→ AIM OF THE TASK: With pictures left out, output exactly the lines of the listing below from the line that has "Combat Axe Kills" to the line that has "Americana - Store", both lines kept.

→ THE DATA:
:::

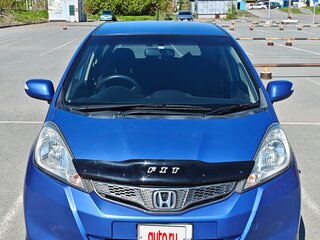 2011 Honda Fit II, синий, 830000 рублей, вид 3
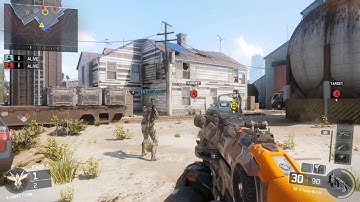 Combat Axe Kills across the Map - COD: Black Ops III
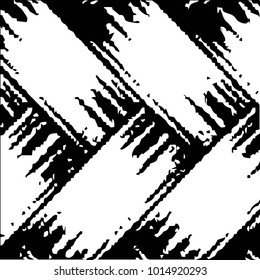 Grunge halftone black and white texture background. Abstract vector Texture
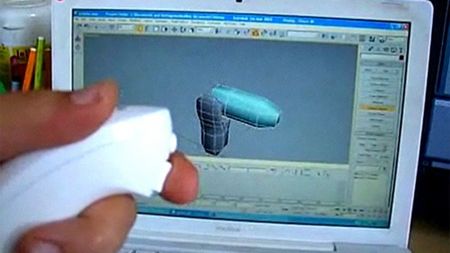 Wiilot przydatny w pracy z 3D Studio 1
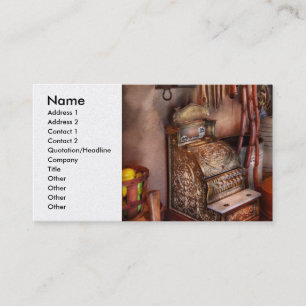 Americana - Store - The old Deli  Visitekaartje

:::

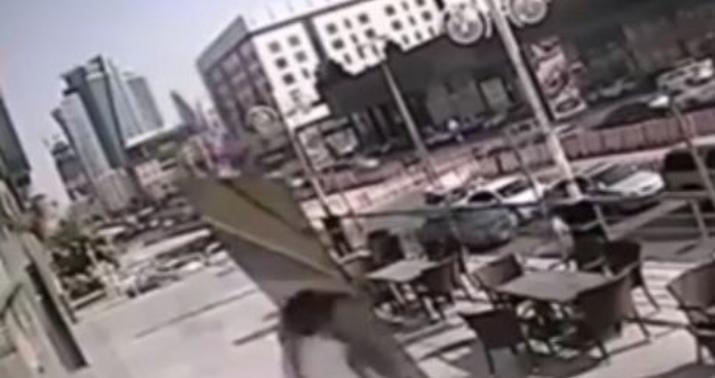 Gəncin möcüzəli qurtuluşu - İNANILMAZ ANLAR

:::

→ SOLUTION BELOW:
 Combat Axe Kills across the Map - COD: Black Ops III
 Grunge halftone black and white texture background. Abstract vector Texture
 Wiilot przydatny w pracy z 3D Studio 1
 Americana - Store - The old Deli  Visitekaartje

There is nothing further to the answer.